> _What is expected_
From the first line of the records through the line containing "Read more about", retype every line exactly and nothing else.

□ □ □ □ □ □ □

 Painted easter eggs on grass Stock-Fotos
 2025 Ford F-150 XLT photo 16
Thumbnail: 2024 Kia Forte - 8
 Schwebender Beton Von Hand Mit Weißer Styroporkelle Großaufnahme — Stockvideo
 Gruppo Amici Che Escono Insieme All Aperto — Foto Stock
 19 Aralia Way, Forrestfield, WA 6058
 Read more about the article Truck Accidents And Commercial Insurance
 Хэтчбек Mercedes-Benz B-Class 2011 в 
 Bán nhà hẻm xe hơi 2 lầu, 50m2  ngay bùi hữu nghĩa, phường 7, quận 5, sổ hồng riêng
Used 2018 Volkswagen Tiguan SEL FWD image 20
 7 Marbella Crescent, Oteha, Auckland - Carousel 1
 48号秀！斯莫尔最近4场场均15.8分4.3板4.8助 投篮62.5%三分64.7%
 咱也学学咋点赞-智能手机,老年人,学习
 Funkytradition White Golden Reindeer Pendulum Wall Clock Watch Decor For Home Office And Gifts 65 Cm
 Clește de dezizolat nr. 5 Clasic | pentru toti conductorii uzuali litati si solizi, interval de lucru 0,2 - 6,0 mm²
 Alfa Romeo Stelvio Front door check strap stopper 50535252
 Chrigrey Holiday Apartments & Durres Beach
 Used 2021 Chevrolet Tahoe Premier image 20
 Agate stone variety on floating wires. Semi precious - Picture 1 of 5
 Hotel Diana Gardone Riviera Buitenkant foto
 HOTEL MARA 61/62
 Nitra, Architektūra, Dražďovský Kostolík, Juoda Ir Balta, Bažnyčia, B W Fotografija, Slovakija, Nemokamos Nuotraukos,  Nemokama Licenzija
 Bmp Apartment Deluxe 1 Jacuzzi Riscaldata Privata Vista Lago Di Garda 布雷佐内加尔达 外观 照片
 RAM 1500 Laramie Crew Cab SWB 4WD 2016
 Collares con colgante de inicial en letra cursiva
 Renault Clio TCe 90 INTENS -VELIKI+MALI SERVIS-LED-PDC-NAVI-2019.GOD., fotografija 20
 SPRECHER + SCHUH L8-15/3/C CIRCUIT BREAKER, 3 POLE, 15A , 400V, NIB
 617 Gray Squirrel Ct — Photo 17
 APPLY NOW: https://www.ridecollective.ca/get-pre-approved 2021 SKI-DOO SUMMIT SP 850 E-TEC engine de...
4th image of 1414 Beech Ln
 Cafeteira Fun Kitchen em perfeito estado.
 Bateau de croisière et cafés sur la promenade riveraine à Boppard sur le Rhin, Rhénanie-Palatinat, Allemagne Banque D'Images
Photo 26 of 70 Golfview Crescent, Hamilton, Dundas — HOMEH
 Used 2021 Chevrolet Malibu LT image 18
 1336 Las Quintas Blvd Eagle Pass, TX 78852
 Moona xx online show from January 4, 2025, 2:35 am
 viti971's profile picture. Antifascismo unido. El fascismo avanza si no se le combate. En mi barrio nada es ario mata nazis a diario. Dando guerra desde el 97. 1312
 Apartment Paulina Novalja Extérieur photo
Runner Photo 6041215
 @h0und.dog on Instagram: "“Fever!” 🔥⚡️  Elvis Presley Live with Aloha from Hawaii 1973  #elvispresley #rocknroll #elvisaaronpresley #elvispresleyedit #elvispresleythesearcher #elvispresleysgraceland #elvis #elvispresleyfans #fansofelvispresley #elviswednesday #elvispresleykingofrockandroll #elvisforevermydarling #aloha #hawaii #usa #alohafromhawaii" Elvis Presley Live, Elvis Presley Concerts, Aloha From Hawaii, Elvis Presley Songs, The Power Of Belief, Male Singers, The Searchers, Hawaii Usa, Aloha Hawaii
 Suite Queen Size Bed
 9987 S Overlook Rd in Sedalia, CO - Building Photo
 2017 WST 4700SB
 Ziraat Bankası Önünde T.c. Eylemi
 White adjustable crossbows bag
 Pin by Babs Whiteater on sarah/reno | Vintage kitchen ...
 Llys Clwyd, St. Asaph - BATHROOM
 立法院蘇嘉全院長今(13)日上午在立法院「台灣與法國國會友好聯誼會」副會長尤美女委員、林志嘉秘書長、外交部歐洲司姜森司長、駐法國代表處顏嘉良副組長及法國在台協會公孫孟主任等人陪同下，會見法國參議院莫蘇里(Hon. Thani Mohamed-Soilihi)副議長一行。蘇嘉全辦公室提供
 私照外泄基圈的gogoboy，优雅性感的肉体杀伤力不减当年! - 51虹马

□ □ □ □ □ □ □

> _Task output_
 Painted easter eggs on grass Stock-Fotos
 2025 Ford F-150 XLT photo 16
Thumbnail: 2024 Kia Forte - 8
 Schwebender Beton Von Hand Mit Weißer Styroporkelle Großaufnahme — Stockvideo
 Gruppo Amici Che Escono Insieme All Aperto — Foto Stock
 19 Aralia Way, Forrestfield, WA 6058
 Read more about the article Truck Accidents And Commercial Insurance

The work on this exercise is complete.